━━━━━ DATASET EXCERPTS ━━━━━

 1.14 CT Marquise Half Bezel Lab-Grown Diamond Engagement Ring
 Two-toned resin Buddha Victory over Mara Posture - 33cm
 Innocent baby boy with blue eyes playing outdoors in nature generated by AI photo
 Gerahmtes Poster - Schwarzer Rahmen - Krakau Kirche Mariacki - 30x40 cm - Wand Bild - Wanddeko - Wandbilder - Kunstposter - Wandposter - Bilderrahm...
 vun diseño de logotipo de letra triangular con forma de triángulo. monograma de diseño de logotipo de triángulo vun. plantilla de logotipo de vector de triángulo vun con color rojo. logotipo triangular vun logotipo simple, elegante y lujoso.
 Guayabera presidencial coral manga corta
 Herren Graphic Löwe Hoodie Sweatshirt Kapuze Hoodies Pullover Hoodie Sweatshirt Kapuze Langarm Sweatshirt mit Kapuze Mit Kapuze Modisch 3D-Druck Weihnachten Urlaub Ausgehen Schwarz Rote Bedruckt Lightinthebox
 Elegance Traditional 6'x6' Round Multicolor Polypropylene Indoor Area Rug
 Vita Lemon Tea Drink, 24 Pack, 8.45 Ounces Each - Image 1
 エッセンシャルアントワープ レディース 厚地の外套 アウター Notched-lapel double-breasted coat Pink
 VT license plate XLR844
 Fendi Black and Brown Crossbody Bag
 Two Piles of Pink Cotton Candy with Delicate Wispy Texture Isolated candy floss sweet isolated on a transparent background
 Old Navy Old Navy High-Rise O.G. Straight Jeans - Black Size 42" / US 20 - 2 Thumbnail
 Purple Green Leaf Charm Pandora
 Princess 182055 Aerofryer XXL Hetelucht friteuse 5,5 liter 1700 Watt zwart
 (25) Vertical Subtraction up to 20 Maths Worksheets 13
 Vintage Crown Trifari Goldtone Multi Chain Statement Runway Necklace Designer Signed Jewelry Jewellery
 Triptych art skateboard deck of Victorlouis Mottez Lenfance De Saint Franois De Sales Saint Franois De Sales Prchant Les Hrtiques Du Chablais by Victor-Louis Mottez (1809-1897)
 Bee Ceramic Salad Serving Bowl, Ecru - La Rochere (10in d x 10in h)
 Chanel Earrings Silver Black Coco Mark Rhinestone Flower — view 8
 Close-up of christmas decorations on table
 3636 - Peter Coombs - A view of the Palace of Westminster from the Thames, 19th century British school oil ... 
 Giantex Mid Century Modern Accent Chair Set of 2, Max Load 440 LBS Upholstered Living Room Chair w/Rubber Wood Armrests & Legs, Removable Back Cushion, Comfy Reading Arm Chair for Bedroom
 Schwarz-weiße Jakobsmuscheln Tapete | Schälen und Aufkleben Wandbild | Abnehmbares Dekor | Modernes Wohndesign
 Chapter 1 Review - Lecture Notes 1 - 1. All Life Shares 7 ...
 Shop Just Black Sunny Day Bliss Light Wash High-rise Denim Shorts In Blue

━━━━━

YOUR OBJECTIVE:
Write out every entry verbatim.

WRITTEN ANSWER:
 1.14 CT Marquise Half Bezel Lab-Grown Diamond Engagement Ring
 Two-toned resin Buddha Victory over Mara Posture - 33cm
 Innocent baby boy with blue eyes playing outdoors in nature generated by AI photo
 Gerahmtes Poster - Schwarzer Rahmen - Krakau Kirche Mariacki - 30x40 cm - Wand Bild - Wanddeko - Wandbilder - Kunstposter - Wandposter - Bilderrahm...
 vun diseño de logotipo de letra triangular con forma de triángulo. monograma de diseño de logotipo de triángulo vun. plantilla de logotipo de vector de triángulo vun con color rojo. logotipo triangular vun logotipo simple, elegante y lujoso.
 Guayabera presidencial coral manga corta
 Herren Graphic Löwe Hoodie Sweatshirt Kapuze Hoodies Pullover Hoodie Sweatshirt Kapuze Langarm Sweatshirt mit Kapuze Mit Kapuze Modisch 3D-Druck Weihnachten Urlaub Ausgehen Schwarz Rote Bedruckt Lightinthebox
 Elegance Traditional 6'x6' Round Multicolor Polypropylene Indoor Area Rug
 Vita Lemon Tea Drink, 24 Pack, 8.45 Ounces Each - Image 1
 エッセンシャルアントワープ レディース 厚地の外套 アウター Notched-lapel double-breasted coat Pink
 VT license plate XLR844
 Fendi Black and Brown Crossbody Bag
 Two Piles of Pink Cotton Candy with Delicate Wispy Texture Isolated candy floss sweet isolated on a transparent background
 Old Navy Old Navy High-Rise O.G. Straight Jeans - Black Size 42" / US 20 - 2 Thumbnail
 Purple Green Leaf Charm Pandora
 Princess 182055 Aerofryer XXL Hetelucht friteuse 5,5 liter 1700 Watt zwart
 (25) Vertical Subtraction up to 20 Maths Worksheets 13
 Vintage Crown Trifari Goldtone Multi Chain Statement Runway Necklace Designer Signed Jewelry Jewellery
 Triptych art skateboard deck of Victorlouis Mottez Lenfance De Saint Franois De Sales Saint Franois De Sales Prchant Les Hrtiques Du Chablais by Victor-Louis Mottez (1809-1897)
 Bee Ceramic Salad Serving Bowl, Ecru - La Rochere (10in d x 10in h)
 Chanel Earrings Silver Black Coco Mark Rhinestone Flower — view 8
 Close-up of christmas decorations on table
 3636 - Peter Coombs - A view of the Palace of Westminster from the Thames, 19th century British school oil ... 
 Giantex Mid Century Modern Accent Chair Set of 2, Max Load 440 LBS Upholstered Living Room Chair w/Rubber Wood Armrests & Legs, Removable Back Cushion, Comfy Reading Arm Chair for Bedroom
 Schwarz-weiße Jakobsmuscheln Tapete | Schälen und Aufkleben Wandbild | Abnehmbares Dekor | Modernes Wohndesign
 Chapter 1 Review - Lecture Notes 1 - 1. All Life Shares 7 ...
 Shop Just Black Sunny Day Bliss Light Wash High-rise Denim Shorts In Blue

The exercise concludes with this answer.